* **WORK TO BE COMPLETED**: Could you set down the full listing, unchanged?

★ ★ ★ ★ ★ ★ ★

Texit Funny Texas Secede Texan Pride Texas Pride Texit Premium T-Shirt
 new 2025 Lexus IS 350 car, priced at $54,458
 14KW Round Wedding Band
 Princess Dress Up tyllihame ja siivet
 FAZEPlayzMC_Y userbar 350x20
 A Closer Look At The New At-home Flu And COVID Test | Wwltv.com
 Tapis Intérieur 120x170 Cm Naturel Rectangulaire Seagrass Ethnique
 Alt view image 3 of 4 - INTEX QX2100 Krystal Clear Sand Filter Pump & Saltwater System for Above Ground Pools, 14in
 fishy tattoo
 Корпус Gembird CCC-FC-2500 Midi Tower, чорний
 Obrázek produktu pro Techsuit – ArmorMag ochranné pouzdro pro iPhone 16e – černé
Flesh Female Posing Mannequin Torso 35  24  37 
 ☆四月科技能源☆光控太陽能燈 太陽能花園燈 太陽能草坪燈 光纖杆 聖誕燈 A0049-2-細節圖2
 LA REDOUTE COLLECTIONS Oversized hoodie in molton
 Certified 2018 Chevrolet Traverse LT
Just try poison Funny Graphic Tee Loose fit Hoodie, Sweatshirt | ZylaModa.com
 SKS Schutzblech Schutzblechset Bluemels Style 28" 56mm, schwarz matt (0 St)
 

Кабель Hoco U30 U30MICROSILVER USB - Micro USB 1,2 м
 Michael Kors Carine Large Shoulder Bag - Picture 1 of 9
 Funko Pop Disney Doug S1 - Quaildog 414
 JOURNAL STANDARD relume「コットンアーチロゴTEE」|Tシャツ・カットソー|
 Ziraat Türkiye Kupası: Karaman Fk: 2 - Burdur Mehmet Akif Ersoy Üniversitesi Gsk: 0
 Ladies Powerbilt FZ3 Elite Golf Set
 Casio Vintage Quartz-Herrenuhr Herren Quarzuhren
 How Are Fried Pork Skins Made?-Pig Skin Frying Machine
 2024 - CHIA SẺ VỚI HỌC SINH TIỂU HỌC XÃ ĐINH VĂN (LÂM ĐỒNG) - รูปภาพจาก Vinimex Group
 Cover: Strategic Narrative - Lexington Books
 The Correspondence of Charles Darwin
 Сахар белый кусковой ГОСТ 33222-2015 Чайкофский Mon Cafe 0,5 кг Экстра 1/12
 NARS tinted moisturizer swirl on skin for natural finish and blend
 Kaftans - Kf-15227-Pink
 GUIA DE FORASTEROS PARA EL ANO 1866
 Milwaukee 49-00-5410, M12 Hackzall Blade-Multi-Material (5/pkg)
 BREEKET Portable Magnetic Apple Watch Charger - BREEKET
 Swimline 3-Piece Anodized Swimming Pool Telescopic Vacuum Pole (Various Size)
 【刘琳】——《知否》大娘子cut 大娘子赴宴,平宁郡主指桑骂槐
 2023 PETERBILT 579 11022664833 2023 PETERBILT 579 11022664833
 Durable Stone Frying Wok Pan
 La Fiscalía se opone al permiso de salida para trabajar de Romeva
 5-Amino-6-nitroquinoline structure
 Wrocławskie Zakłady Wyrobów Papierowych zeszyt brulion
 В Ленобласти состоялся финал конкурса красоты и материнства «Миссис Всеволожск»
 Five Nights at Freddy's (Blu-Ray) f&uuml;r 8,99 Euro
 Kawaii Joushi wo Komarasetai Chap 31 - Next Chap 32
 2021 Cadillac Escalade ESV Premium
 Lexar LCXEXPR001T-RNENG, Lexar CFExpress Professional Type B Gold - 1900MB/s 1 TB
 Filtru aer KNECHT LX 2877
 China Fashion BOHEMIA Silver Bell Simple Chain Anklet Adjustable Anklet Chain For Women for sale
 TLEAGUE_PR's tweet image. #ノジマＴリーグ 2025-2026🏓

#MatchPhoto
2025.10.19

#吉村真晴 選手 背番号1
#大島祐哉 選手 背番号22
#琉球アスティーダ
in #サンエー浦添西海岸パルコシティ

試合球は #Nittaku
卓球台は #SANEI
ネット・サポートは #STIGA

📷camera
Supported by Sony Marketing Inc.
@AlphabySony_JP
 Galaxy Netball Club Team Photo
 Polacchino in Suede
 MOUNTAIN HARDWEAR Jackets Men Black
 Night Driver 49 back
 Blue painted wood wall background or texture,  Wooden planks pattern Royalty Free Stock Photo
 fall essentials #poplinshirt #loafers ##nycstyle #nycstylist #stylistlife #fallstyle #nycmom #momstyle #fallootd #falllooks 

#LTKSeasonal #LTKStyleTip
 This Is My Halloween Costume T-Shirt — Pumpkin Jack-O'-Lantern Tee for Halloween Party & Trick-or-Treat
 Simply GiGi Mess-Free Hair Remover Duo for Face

★ ★ ★ ★ ★ ★ ★

* **EXPECTED OUTPUT**:
Texit Funny Texas Secede Texan Pride Texas Pride Texit Premium T-Shirt
 new 2025 Lexus IS 350 car, priced at $54,458
 14KW Round Wedding Band
 Princess Dress Up tyllihame ja siivet
 FAZEPlayzMC_Y userbar 350x20
 A Closer Look At The New At-home Flu And COVID Test | Wwltv.com
 Tapis Intérieur 120x170 Cm Naturel Rectangulaire Seagrass Ethnique
 Alt view image 3 of 4 - INTEX QX2100 Krystal Clear Sand Filter Pump & Saltwater System for Above Ground Pools, 14in
 fishy tattoo
 Корпус Gembird CCC-FC-2500 Midi Tower, чорний
 Obrázek produktu pro Techsuit – ArmorMag ochranné pouzdro pro iPhone 16e – černé
Flesh Female Posing Mannequin Torso 35  24  37 
 ☆四月科技能源☆光控太陽能燈 太陽能花園燈 太陽能草坪燈 光纖杆 聖誕燈 A0049-2-細節圖2
 LA REDOUTE COLLECTIONS Oversized hoodie in molton
 Certified 2018 Chevrolet Traverse LT
Just try poison Funny Graphic Tee Loose fit Hoodie, Sweatshirt | ZylaModa.com
 SKS Schutzblech Schutzblechset Bluemels Style 28" 56mm, schwarz matt (0 St)
 

Кабель Hoco U30 U30MICROSILVER USB - Micro USB 1,2 м
 Michael Kors Carine Large Shoulder Bag - Picture 1 of 9
 Funko Pop Disney Doug S1 - Quaildog 414
 JOURNAL STANDARD relume「コットンアーチロゴTEE」|Tシャツ・カットソー|
 Ziraat Türkiye Kupası: Karaman Fk: 2 - Burdur Mehmet Akif Ersoy Üniversitesi Gsk: 0
 Ladies Powerbilt FZ3 Elite Golf Set
 Casio Vintage Quartz-Herrenuhr Herren Quarzuhren
 How Are Fried Pork Skins Made?-Pig Skin Frying Machine
 2024 - CHIA SẺ VỚI HỌC SINH TIỂU HỌC XÃ ĐINH VĂN (LÂM ĐỒNG) - รูปภาพจาก Vinimex Group
 Cover: Strategic Narrative - Lexington Books
 The Correspondence of Charles Darwin
 Сахар белый кусковой ГОСТ 33222-2015 Чайкофский Mon Cafe 0,5 кг Экстра 1/12
 NARS tinted moisturizer swirl on skin for natural finish and blend
 Kaftans - Kf-15227-Pink
 GUIA DE FORASTEROS PARA EL ANO 1866
 Milwaukee 49-00-5410, M12 Hackzall Blade-Multi-Material (5/pkg)
 BREEKET Portable Magnetic Apple Watch Charger - BREEKET
 Swimline 3-Piece Anodized Swimming Pool Telescopic Vacuum Pole (Various Size)
 【刘琳】——《知否》大娘子cut 大娘子赴宴,平宁郡主指桑骂槐
 2023 PETERBILT 579 11022664833 2023 PETERBILT 579 11022664833
 Durable Stone Frying Wok Pan
 La Fiscalía se opone al permiso de salida para trabajar de Romeva
 5-Amino-6-nitroquinoline structure
 Wrocławskie Zakłady Wyrobów Papierowych zeszyt brulion
 В Ленобласти состоялся финал конкурса красоты и материнства «Миссис Всеволожск»
 Five Nights at Freddy's (Blu-Ray) f&uuml;r 8,99 Euro
 Kawaii Joushi wo Komarasetai Chap 31 - Next Chap 32
 2021 Cadillac Escalade ESV Premium
 Lexar LCXEXPR001T-RNENG, Lexar CFExpress Professional Type B Gold - 1900MB/s 1 TB
 Filtru aer KNECHT LX 2877
 China Fashion BOHEMIA Silver Bell Simple Chain Anklet Adjustable Anklet Chain For Women for sale
 TLEAGUE_PR's tweet image. #ノジマＴリーグ 2025-2026🏓

#MatchPhoto
2025.10.19

#吉村真晴 選手 背番号1
#大島祐哉 選手 背番号22
#琉球アスティーダ
in #サンエー浦添西海岸パルコシティ

試合球は #Nittaku
卓球台は #SANEI
ネット・サポートは #STIGA

📷camera
Supported by Sony Marketing Inc.
@AlphabySony_JP
 Galaxy Netball Club Team Photo
 Polacchino in Suede
 MOUNTAIN HARDWEAR Jackets Men Black
 Night Driver 49 back
 Blue painted wood wall background or texture,  Wooden planks pattern Royalty Free Stock Photo
 fall essentials #poplinshirt #loafers ##nycstyle #nycstylist #stylistlife #fallstyle #nycmom #momstyle #fallootd #falllooks 

#LTKSeasonal #LTKStyleTip
 This Is My Halloween Costume T-Shirt — Pumpkin Jack-O'-Lantern Tee for Halloween Party & Trick-or-Treat
 Simply GiGi Mess-Free Hair Remover Duo for Face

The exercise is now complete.